■ **TASK GOAL**: Copy all lines below containing "Hawaii".

■ **AVAILABLE RECORDS**:
++++++++++

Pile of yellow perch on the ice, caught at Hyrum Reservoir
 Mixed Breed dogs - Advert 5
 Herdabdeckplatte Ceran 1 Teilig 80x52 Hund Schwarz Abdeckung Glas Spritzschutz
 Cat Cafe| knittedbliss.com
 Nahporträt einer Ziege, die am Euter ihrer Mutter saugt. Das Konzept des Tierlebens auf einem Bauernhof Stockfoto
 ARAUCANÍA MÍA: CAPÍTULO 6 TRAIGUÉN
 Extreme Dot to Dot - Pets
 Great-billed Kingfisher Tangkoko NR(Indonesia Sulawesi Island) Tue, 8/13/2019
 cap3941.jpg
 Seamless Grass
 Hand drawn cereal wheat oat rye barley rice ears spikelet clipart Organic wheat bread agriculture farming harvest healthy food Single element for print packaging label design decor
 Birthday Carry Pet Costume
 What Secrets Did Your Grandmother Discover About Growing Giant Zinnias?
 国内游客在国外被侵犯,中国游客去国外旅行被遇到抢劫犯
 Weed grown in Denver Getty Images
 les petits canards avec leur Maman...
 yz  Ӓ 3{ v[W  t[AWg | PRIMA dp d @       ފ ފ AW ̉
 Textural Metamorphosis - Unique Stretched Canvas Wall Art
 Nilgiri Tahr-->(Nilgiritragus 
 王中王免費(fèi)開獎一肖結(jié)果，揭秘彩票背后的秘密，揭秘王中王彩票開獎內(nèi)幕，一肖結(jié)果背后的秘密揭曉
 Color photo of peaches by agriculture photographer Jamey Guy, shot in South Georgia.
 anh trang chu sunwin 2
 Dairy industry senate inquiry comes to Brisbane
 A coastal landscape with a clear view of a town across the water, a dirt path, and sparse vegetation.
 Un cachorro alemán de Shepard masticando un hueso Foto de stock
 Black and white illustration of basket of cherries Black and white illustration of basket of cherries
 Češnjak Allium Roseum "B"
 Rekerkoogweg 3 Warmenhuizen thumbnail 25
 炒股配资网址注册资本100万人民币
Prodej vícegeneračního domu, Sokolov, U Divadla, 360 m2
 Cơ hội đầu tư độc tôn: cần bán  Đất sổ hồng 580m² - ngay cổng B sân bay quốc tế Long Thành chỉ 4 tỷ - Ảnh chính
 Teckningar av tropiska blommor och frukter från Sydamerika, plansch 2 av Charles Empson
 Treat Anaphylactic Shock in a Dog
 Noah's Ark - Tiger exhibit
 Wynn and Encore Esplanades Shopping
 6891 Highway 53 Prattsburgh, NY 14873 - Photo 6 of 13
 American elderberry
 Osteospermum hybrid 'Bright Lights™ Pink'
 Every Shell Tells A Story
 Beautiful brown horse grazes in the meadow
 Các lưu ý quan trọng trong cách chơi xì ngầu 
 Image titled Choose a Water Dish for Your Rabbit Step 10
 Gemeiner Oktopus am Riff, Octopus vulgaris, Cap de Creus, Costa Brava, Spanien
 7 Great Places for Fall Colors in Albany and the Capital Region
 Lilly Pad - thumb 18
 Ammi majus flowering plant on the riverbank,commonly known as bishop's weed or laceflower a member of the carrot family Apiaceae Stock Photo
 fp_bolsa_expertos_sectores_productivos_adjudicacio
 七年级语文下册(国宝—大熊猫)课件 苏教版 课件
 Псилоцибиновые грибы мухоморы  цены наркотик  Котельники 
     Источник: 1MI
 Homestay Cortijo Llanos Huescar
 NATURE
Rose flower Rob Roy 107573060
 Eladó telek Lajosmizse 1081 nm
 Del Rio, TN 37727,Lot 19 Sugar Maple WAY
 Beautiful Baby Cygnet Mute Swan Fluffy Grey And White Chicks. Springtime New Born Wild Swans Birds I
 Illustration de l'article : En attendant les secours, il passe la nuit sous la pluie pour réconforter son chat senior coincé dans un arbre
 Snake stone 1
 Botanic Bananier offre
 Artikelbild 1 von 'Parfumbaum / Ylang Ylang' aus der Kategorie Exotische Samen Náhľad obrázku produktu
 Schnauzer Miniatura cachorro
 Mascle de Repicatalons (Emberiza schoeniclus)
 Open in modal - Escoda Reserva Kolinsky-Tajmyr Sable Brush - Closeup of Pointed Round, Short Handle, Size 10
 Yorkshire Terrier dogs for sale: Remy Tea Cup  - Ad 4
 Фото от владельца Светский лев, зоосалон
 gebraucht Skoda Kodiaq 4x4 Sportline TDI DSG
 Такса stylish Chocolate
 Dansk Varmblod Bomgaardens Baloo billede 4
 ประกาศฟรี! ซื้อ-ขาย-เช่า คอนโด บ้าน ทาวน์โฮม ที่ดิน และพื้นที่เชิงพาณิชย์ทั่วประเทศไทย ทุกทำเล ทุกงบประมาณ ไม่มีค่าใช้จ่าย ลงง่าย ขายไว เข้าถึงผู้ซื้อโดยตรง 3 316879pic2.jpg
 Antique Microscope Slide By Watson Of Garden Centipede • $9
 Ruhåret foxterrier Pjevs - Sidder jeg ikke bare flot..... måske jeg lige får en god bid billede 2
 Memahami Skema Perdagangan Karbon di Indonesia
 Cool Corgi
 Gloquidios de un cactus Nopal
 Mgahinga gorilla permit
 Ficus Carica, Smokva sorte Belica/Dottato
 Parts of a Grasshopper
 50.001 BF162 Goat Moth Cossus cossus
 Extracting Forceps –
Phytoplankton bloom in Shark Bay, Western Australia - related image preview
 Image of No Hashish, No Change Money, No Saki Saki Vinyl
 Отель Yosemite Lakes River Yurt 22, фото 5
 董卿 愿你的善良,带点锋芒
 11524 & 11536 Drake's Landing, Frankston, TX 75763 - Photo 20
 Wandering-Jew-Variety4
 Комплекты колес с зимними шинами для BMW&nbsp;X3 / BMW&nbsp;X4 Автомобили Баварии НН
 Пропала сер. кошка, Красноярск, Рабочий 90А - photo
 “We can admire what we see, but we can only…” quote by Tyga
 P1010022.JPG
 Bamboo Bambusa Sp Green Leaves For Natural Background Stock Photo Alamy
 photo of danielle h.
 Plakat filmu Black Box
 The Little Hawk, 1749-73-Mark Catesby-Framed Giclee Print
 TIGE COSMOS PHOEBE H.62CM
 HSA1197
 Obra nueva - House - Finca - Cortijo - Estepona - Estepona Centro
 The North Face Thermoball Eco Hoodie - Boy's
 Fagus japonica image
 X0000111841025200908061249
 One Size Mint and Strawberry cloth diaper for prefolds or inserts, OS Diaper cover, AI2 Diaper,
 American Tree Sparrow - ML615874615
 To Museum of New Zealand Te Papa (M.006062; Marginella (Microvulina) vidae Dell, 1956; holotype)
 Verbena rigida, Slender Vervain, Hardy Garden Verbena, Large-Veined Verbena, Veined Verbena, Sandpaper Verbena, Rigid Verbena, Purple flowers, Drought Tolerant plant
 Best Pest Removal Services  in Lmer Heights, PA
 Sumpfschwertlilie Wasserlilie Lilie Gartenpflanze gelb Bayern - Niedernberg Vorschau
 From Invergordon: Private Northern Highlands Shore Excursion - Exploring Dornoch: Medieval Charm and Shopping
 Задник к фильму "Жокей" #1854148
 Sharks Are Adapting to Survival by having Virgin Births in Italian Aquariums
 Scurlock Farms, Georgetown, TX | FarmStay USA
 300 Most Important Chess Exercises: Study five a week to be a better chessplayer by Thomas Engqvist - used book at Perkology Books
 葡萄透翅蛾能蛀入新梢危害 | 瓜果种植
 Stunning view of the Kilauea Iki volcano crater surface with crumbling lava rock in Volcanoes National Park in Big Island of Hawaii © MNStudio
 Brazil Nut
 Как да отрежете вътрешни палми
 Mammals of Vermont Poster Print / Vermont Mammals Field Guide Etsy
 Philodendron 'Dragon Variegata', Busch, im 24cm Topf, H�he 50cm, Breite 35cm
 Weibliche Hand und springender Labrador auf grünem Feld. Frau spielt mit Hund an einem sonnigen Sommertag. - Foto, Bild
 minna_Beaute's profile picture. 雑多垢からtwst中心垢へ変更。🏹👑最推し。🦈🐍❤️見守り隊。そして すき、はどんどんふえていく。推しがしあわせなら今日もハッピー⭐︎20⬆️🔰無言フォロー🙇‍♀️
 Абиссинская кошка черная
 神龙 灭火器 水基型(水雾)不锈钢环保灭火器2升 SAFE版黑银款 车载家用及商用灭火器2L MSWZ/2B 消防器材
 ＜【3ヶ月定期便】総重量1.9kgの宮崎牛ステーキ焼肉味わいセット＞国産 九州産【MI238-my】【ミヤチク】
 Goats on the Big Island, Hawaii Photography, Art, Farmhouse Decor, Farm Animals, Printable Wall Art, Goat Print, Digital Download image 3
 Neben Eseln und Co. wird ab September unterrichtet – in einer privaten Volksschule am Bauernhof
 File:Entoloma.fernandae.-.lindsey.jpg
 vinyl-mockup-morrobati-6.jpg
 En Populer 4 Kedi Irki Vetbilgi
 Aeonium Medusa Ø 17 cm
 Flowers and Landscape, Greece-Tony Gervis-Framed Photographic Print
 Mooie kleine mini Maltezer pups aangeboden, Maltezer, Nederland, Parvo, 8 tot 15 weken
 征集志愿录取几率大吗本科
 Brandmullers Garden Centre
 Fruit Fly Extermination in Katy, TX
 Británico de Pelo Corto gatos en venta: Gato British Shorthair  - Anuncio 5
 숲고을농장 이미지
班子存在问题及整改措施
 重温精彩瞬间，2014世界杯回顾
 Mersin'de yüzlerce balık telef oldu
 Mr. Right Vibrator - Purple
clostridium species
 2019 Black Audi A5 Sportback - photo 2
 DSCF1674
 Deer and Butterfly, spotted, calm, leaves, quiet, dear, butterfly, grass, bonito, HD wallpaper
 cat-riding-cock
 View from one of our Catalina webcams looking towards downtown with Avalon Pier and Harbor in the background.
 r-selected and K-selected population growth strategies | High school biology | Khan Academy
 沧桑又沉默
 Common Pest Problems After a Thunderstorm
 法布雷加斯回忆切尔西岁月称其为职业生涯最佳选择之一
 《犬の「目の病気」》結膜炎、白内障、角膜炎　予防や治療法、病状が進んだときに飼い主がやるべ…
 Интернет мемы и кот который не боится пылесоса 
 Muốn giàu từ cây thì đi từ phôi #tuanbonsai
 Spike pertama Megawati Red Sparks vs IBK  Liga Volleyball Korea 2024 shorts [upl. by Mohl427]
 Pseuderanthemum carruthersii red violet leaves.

++++++++++

■ **SOLUTION TO THIS PROBLEM**:
 Stunning view of the Kilauea Iki volcano crater surface with crumbling lava rock in Volcanoes National Park in Big Island of Hawaii © MNStudio
 Goats on the Big Island, Hawaii Photography, Art, Farmhouse Decor, Farm Animals, Printable Wall Art, Goat Print, Digital Download image 3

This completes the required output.